接着,耀邦同志讲了中央为发展西藏经济,准备采取一些非常措施,也可以说是几项大政策。讲到为什么要采取这些大政策的理由,他说,西藏是个什么概念呢?第一,它拥有全国八分之一的面积;第二,人口不到二百万,只相当于全国的五百分之一,而且现在还很穷。二十九年来,中央和全国人民给了西藏很大帮助,总投资达四十五个亿。可是国家从西藏人民中征的税收、公粮总值不过五千九百万。二十多年来,西藏发生了翻天覆地的大变化,广大干部工作也是努力的。之所以没有把经济发展起来,使人民生活得到改善和提高,根本的问题是,多年以来,一条极左路线对我们党的民族政策的破坏很大,在工作上硬搬内地的一套,搞“一刀切”。因此,我们在民族地区的政策,一定要实事求是,因地制宜,要考虑一个根本的方针,就是充分尊重西藏人民实行民族区域自治的自主权。这是一切问题的关键所在。

耀邦同志简明扼要地把中央考虑的几项非常措施概括为六个字:“免徵、放开、走人”。

免徵,就是全部免去全自治区群众的农牧业税,时间至少两年。不但免农牧业税,还不准随便向群众无偿徵用劳动力。

放开,就是在所有的经济活动领域,都要放宽政策,不要乱加限制,自留地、自留畜,群众自己能搞多少就让他们搞多少,房前屋后人家爱种什么就种什么。生产队更要有充分的自主权,群众手里的东西允许人家自由交换。生产队一般不要过大,联系产量计算报酬,包产到组,到户,到人,都可以因地制宜。
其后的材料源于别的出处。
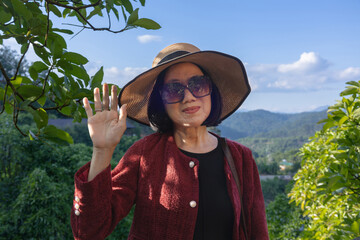 A senior Asian woman is using her phone, call, text or video call. Travel, enjoy life, Green life...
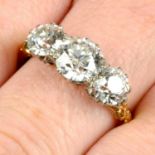A late Victorian 18ct gold graduated old-cut diamond three-stone ring.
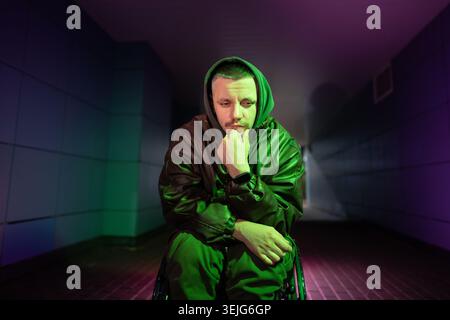 Sad disabled man in wheelchair thinking about personal crisis, sits alone in rgb neon color light. Stock Photo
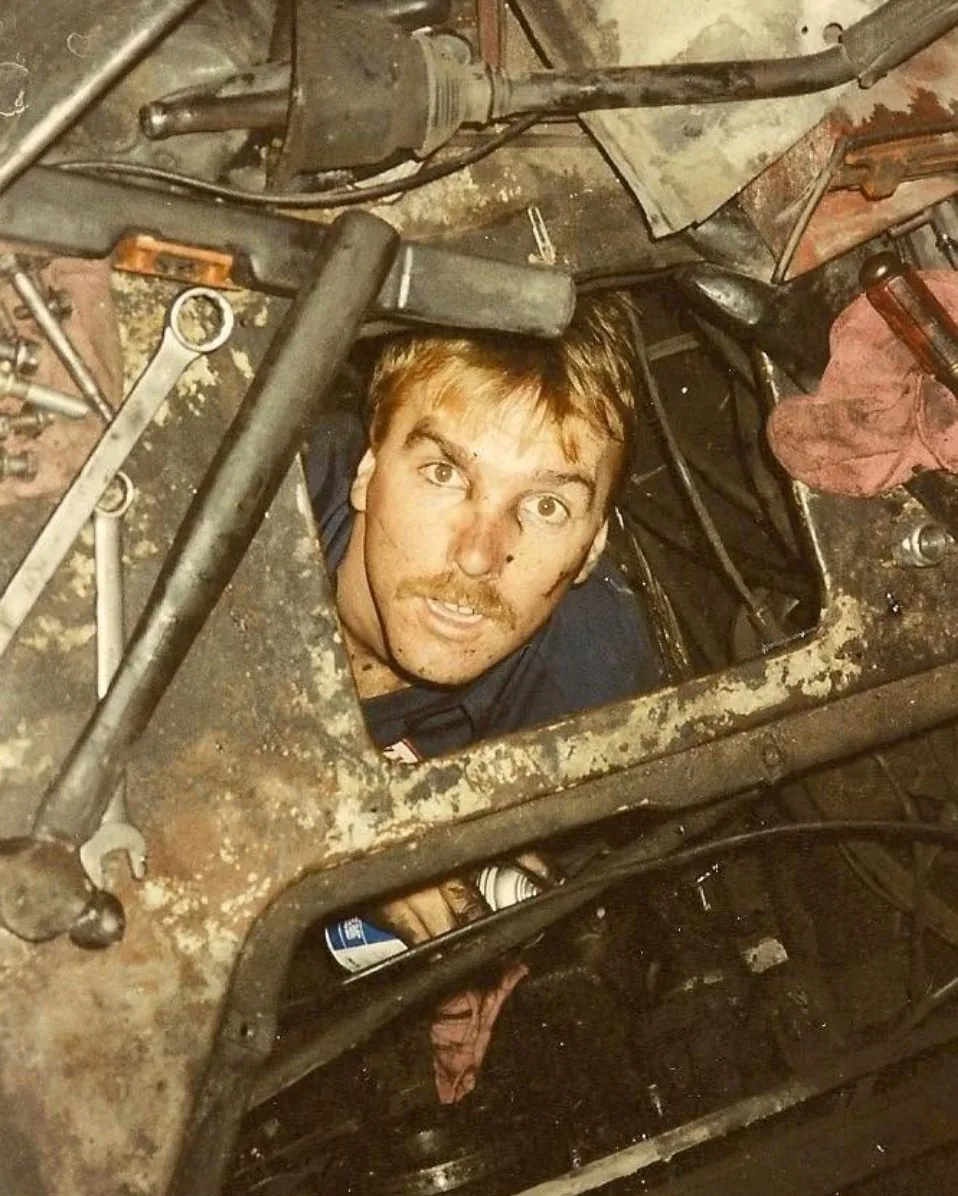 Early PAW mechanic looking up from beneath a truck chassis surrounded by tools during a repair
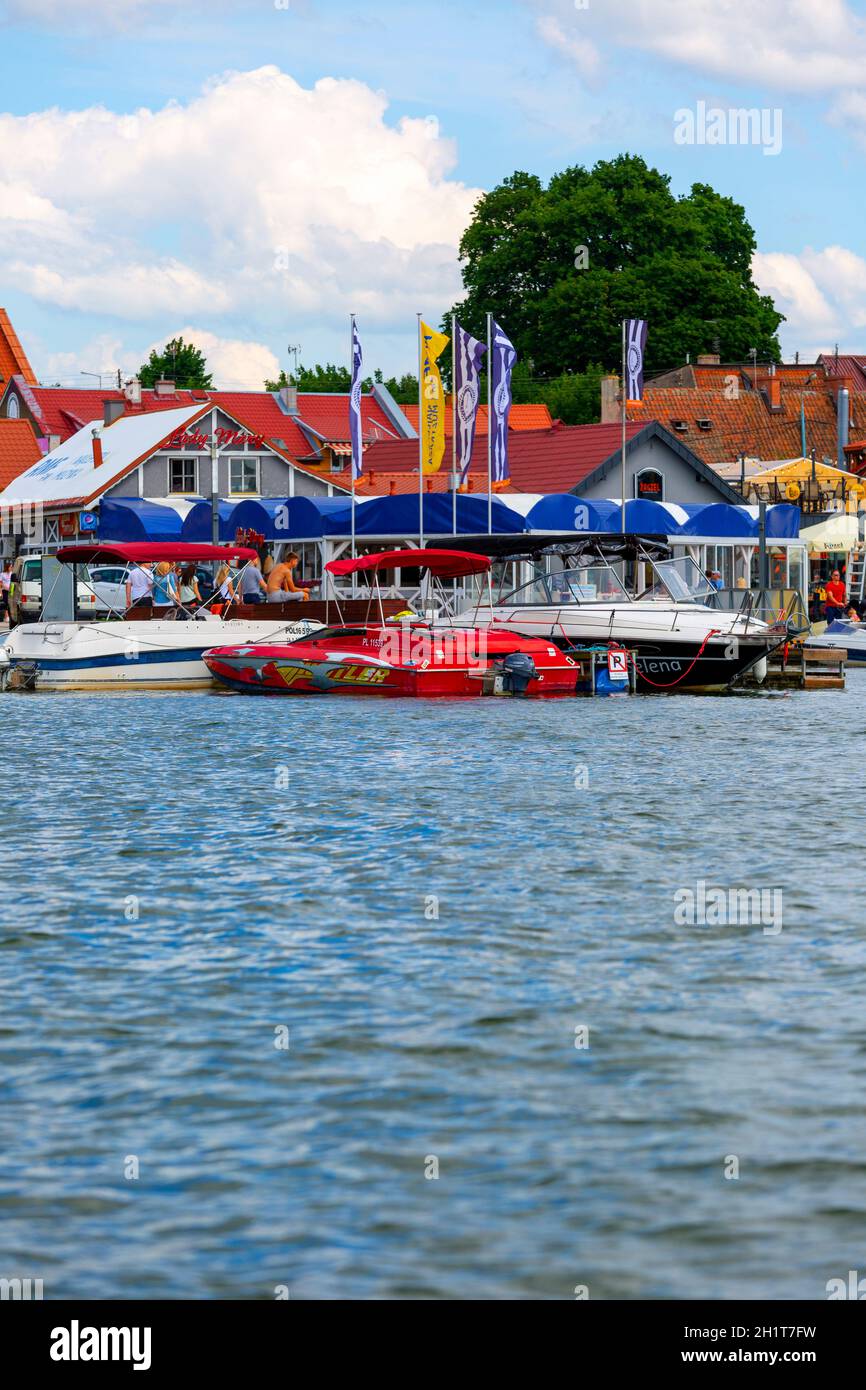 Mikolajki, Masuria, Polonia - 24 giugno 2020: Vista dal lago della città di Mikołajskie, porticciolo per yacht e barche sul lungomare. Mikolajki è chiamato Foto Stock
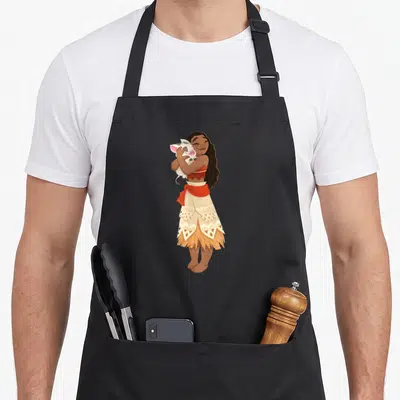 Funny pua novelty apron - Cartoon woman standing hugging a white pig wearing a red top and patterned cream skirt — shown on a black cotton canvas apron against a white background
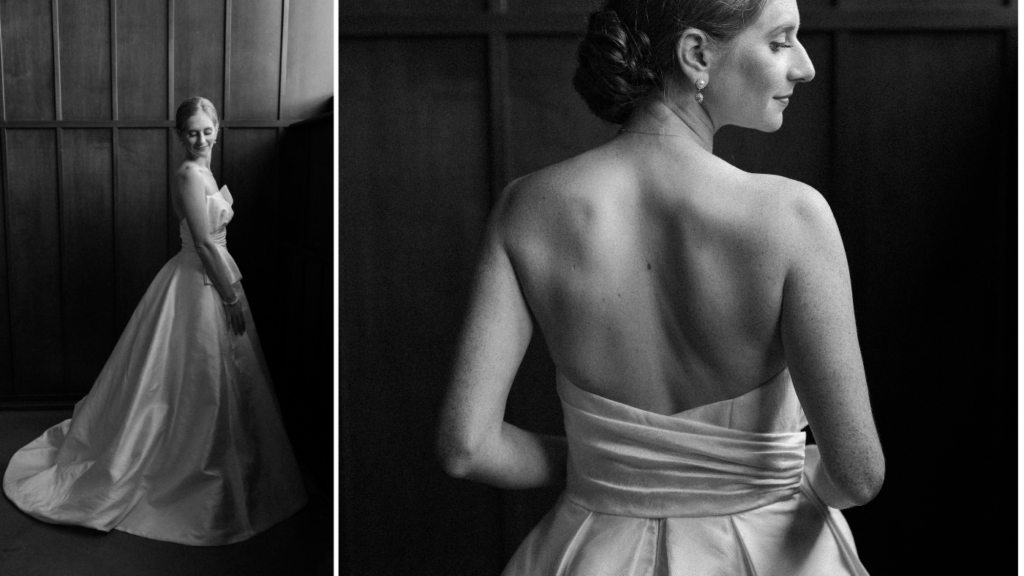 A bride stands poised gracefully in her wedding down in a black and white film style photo 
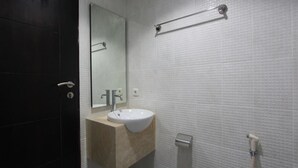 Een badkamer met een witte wastafel, een spiegel en een handdoekhouder.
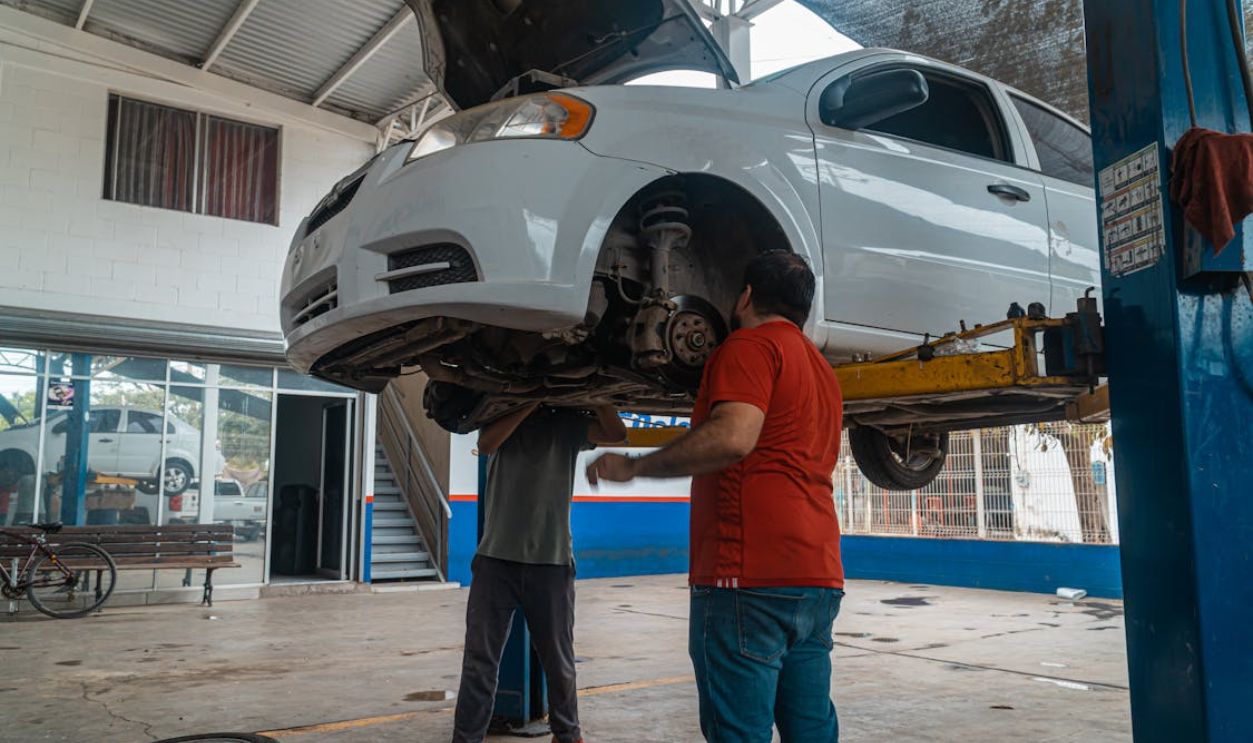 A Man Checking the White Car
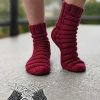 knit caterpillar socks on female model's feet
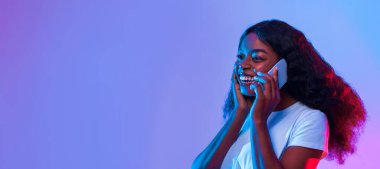 Kıvırcık saçlı genç bir kadın cep telefonuyla mutlu bir şekilde konuşuyor. Parlak bir şekilde gülümsüyor. Etrafı mavi ve pembe ışıklarla çevrili..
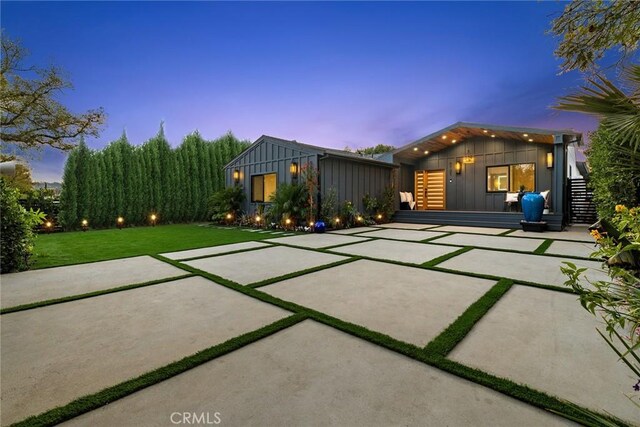 view of front of home with a patio area and a lawn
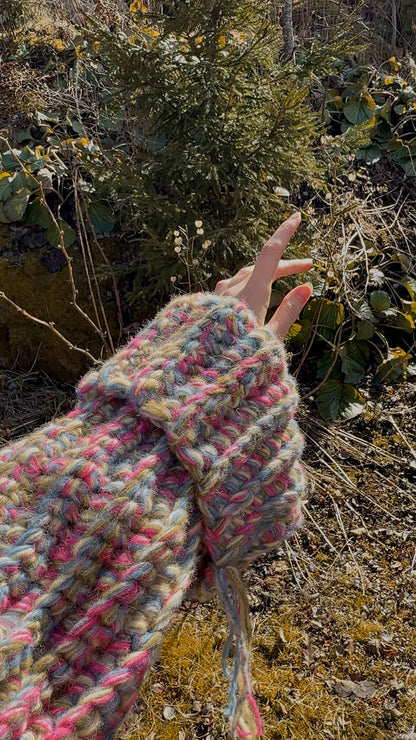 Hand wearing a colorful knitted sleeve against a natural background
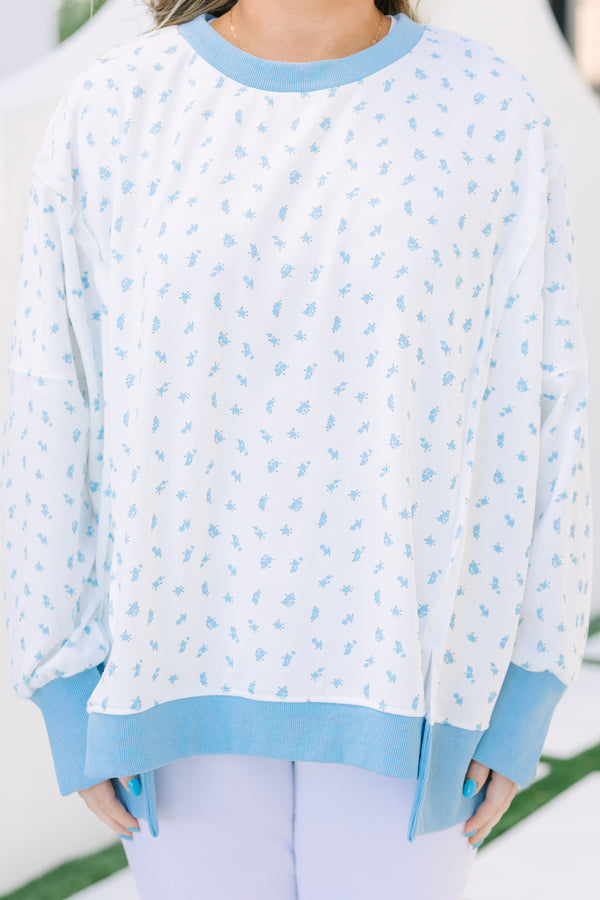 Plus Size white pullover with blue floral print, ribbed trim, and exposed seam details.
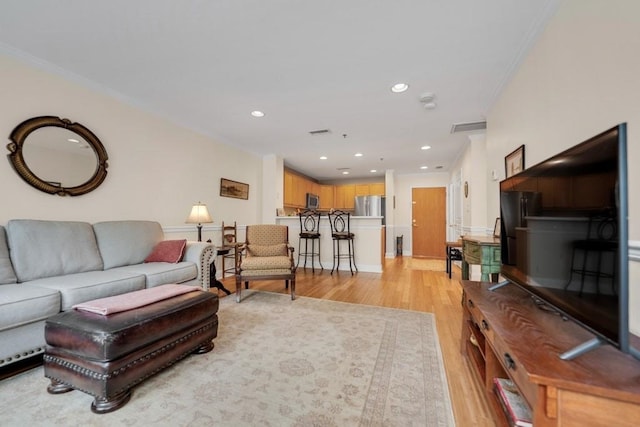 812 Grand St Unit 208, Hoboken, NJ 07030 - living room featuring ornamental molding, light wood-style flooring, and recessed lighting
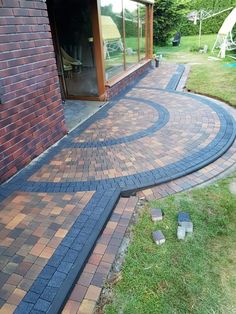 a brick patio with steps leading up to the back door and an open glass window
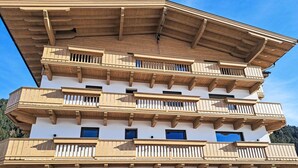 A multi-story building with wooden balconies and multiple windows. - Nice apartment for 5 people with WIFI, TV and balcony (Wildschönau)
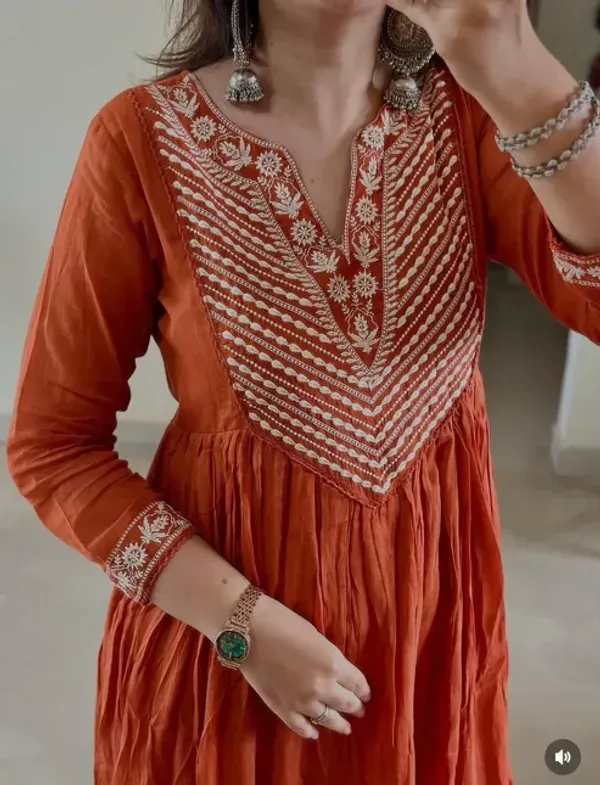Elegant_Rust_Orange_Anarkali_Suit_With_Embroidered_Detailing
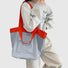 Model carrying a blue duotone foldable nylon tote as shoulder bag, easy for commuting and weekends.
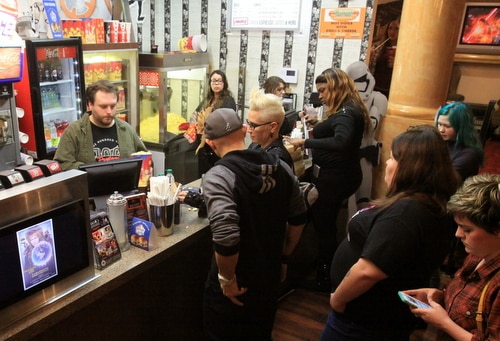A digital poster for "Labyrinth" displays while moviegoers order popcorn in the lobby. (Robert Morris, UptownMessenger.com)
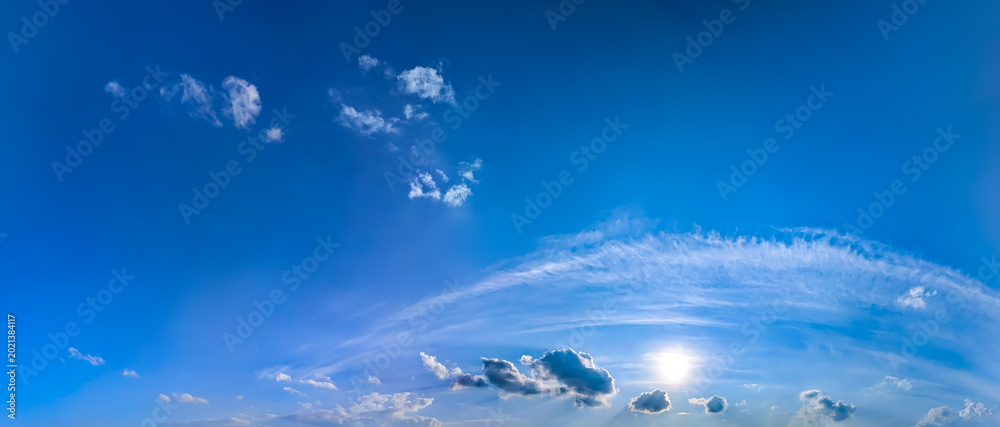 Obraz premium Rows soft steam stretch forming a striking natural pattern. Cloud layers moving dynamically right to left. Cumulus clouds clusters warm summer day vast blue sky. Large copy space above for writing.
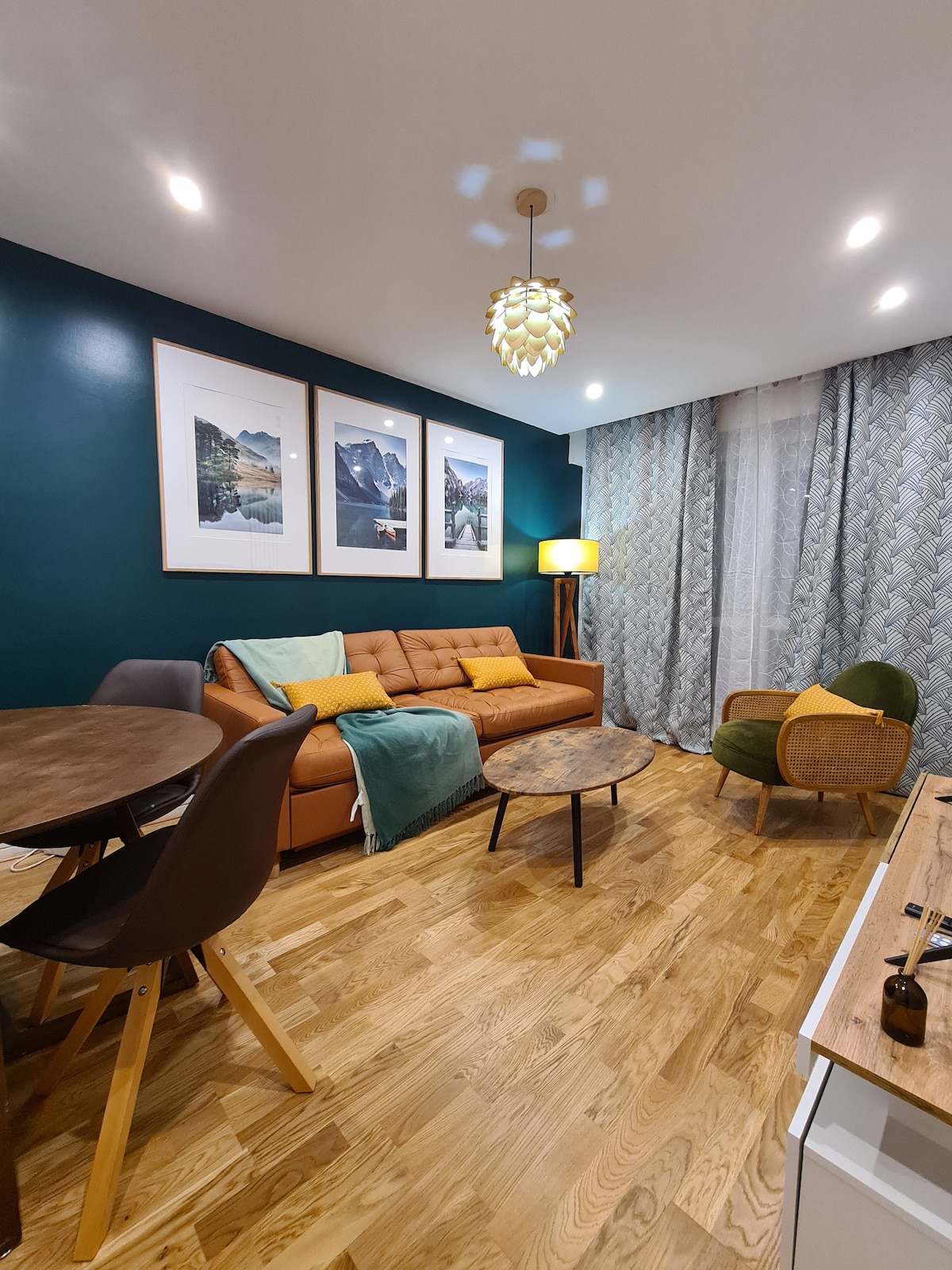 A tastefully decorated living area features a brown sofa adorned with cushions, complemented by a small round table and a green accent chair. Large windows are draped with patterned curtains, and framed photographs hang on the walls, enhancing the warm ambiance.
总之,怎样对生产发展有利就怎样发展。

走人,就是要逐步地把历年进藏的汉族干部大部分调回内地安排工作和生活,只留下少数工作上确实最必要的,并且要求他们服从组织分配,全心全意为西藏人民服务,加强同西藏人民的团结。

抵达拉萨后,耀邦同志把在途中的这些谈话内容,和万里同志一起,在不同的场合反复地同当地的领导同志讲,并且根据考察的情况,他们又作了许多具体的补充。最后集中形成了五月二十九日耀邦同志在拉萨干部大会上的报告中提出的“六件大事”。这六件大事就是:

(一)在中央统一领导下,充分行使民族区域自治的自治权;

(二)大大减轻群众负担,坚决实行休养生息的政策;

(三)在所有经济政策方面,都要放宽,实行特殊灵活的政策;

(四)把国家支援的经费,用到发展农牧业和促进发展藏族人民迫切需要的用品上;

(五)坚持社会主义方向,大力发展藏族的科学文化事业;

(六)正确执行党的民族干部政策,两三年内,要使西藏的国家脱产干部中藏族干部占到三分之二以上。耀邦同志说,办好这六件事,认真实行这六条的目的是什么呢?就是希望两年到三年内,扭转西藏人民贫困的局面,两三年、五六年要超过三十年来的最高水平,十年就要大幅度地富裕起来。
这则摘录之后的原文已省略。